What is required:
Starting with the line that has "A group of men", retype each line down to the end of the entries below, without leaving any out or adding any.

** Exercise materials follows **

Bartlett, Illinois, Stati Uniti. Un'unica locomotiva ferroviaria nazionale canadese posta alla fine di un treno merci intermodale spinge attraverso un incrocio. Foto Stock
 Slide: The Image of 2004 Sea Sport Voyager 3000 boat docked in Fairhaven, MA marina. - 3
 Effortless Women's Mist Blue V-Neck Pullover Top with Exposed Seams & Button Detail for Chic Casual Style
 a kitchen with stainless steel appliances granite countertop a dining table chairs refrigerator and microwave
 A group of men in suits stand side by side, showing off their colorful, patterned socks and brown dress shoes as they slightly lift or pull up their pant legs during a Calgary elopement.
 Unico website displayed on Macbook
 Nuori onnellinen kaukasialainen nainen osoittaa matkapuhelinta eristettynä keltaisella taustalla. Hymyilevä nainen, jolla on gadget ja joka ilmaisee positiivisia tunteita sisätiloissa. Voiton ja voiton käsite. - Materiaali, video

** End of Exercise materials **

Output of the exercise:
 A group of men in suits stand side by side, showing off their colorful, patterned socks and brown dress shoes as they slightly lift or pull up their pant legs during a Calgary elopement.
 Unico website displayed on Macbook
 Nuori onnellinen kaukasialainen nainen osoittaa matkapuhelinta eristettynä keltaisella taustalla. Hymyilevä nainen, jolla on gadget ja joka ilmaisee positiivisia tunteita sisätiloissa. Voiton ja voiton käsite. - Materiaali, video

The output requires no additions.